We notice that \(m_{i,j}\) will achieve each value on \(\left\{ 1,\ldots, m\right\}\) exactly once. Re-arranging our expression for \(T\), we get: \[T = \sum_{i=1}^m \lg i - \sum_{i=1}^n \sum_{j=1}^{x_i} \lg j.\] Using Stirling’s approximation, which says that \[N\lg N/2 \leq \sum_{i=1}^N\lg i = \lg N! \leq N\log N,\] we upper bound \(T\) as \[T \leq m\lg m - \sum_{i=1}^n x_i (\lg x_i -1).\] Re-arranging some more we have: \[T \leq \sum_{i=1}^n x_i \cdot (\lg m /x_i +1).\] Now, we substitute \(p_i = x_i/m\), and accept a factor of \(2\) to pay for the \(+1\), to get \[T \leq \sum_{i=1}^n mp_i \cdot 2 \lg 1/p_i.\] As \(T\) is asymptotically optimal and the total cost is \(O(T)\), we have that this data-structure, despite not knowing the search frequencies in advance, still is within \(O(1)\) multiple of the optimal access time based on element frequencies.

(d)

We build a very similar data-structure. But now, instead of being arranged based on access frequencies, the elements are arranged based on how recently they have been accessed. That is, sets \(S_i,F_i\) will now contain the \(2^{2^i}\) most recently accessed elements. Instead of being keyed by access frequency, \(F_i\) is keyed by how recently the element was accessed. Now, when an element is inserted we place it in all \(S_i\)’s and “make room” for this new element by removing the least recent element from each \(S_i\) (except the last). Again, every once and a while inserting will necessitate creating a new \(S_i\). But again, this happens very infrequently and will not affect the ammortized costs of opperations. Very similarly, whenever a is performed we move the searched element to the front, and perform a chain of inserts and deletes. Precisely, if the element \(x\) searched for started in \(S_i\), then for all \(S_j\) with \(j < i\) we must insert \(x\) into \(S_j\) and delete the least recently accessed element in \(S_j\) to make room for \(x\).

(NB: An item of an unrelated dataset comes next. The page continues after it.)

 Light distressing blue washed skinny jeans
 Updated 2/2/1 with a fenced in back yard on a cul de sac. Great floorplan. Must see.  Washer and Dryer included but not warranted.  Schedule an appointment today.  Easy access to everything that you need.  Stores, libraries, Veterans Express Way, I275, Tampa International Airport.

With identical analysis to the previous part, we see that the ammortized costs of the insert opperations will be \(O(\log n).\)

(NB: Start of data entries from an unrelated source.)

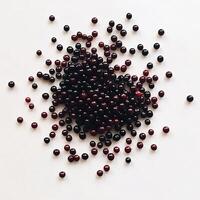 A pile of black and red berries on a white surface photo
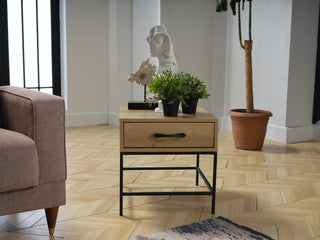 The Drift Side Table’s modern design and contrasting finishes add a stylish touch to any room.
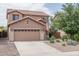 Two-story house with tan exterior and two-car garage at 26133 W Yukon Dr, Buckeye, AZ 85396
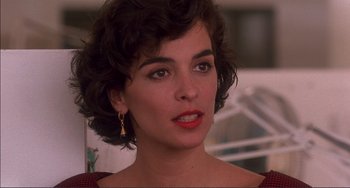 Movie still from “Jungle Fever” (1991), directed by Spike Lee – A person with short hair wearing a dress; Close Up shot, Over the shoulder angle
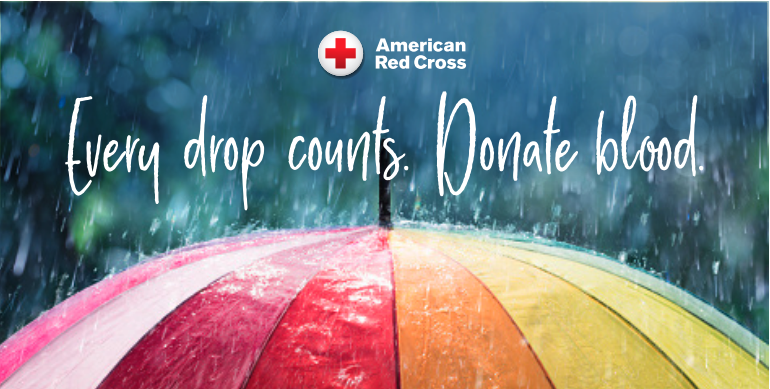A close-up of a colorful umbrella with red, pink, orange, and yellow panels, covered in raindrops. The background is blurred with falling rain. White handwritten-style text reads, 'Every drop counts. Donate blood.' Above the text, the American Red Cross logo is displayed.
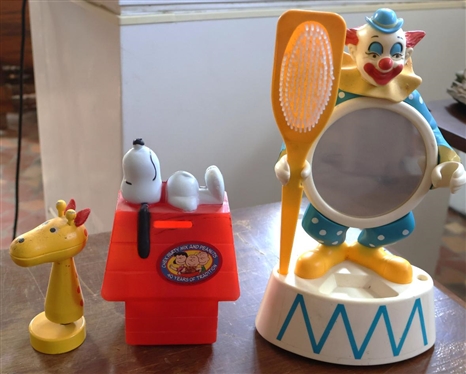 Vintage Childs Plastic Clown Dresser Set - Mirror with Brush - Made in Hong Kong, Snoopy Bank, and Counterpoint Wood Giraffe Paper Holder - Mouth Opens 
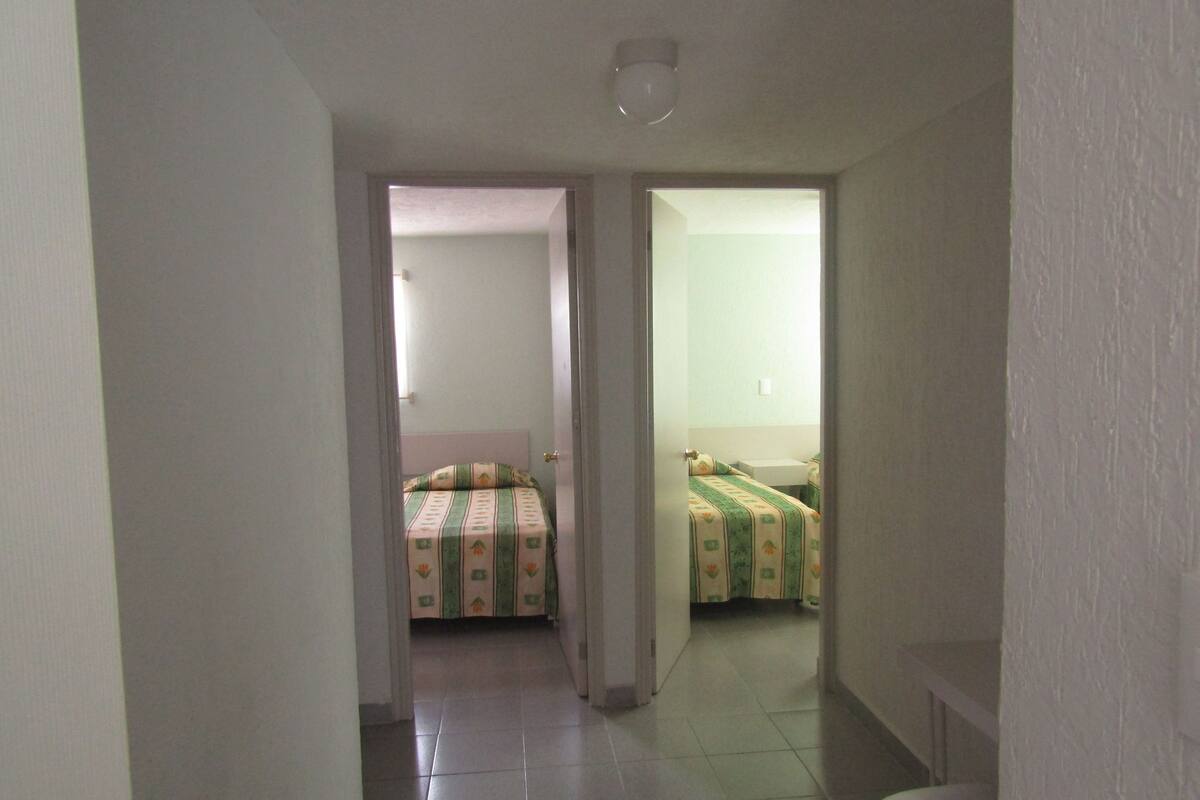 A narrow hallway leading to two small bedrooms with tiled floors and plain walls.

Now, we consider the cost of executing a sequence of searches and inserts for elements \(x_1,\ldots, x_n\), where \(t_i\) reffers to the numer of elements since the last time that \(x_i\) was accessed. We see that the cost of searching for an element that was searched among the last \(t_i\) searches is at most \[\sum_{j\leq \left\lceil \log\log t_i \right\rceil} 2^j \leq O(\log t_i).\] Thus, our sequences of accesses and inserts will have cost bounded by \(O\left( n\log n + \sum \log t_i \right)\), as desired.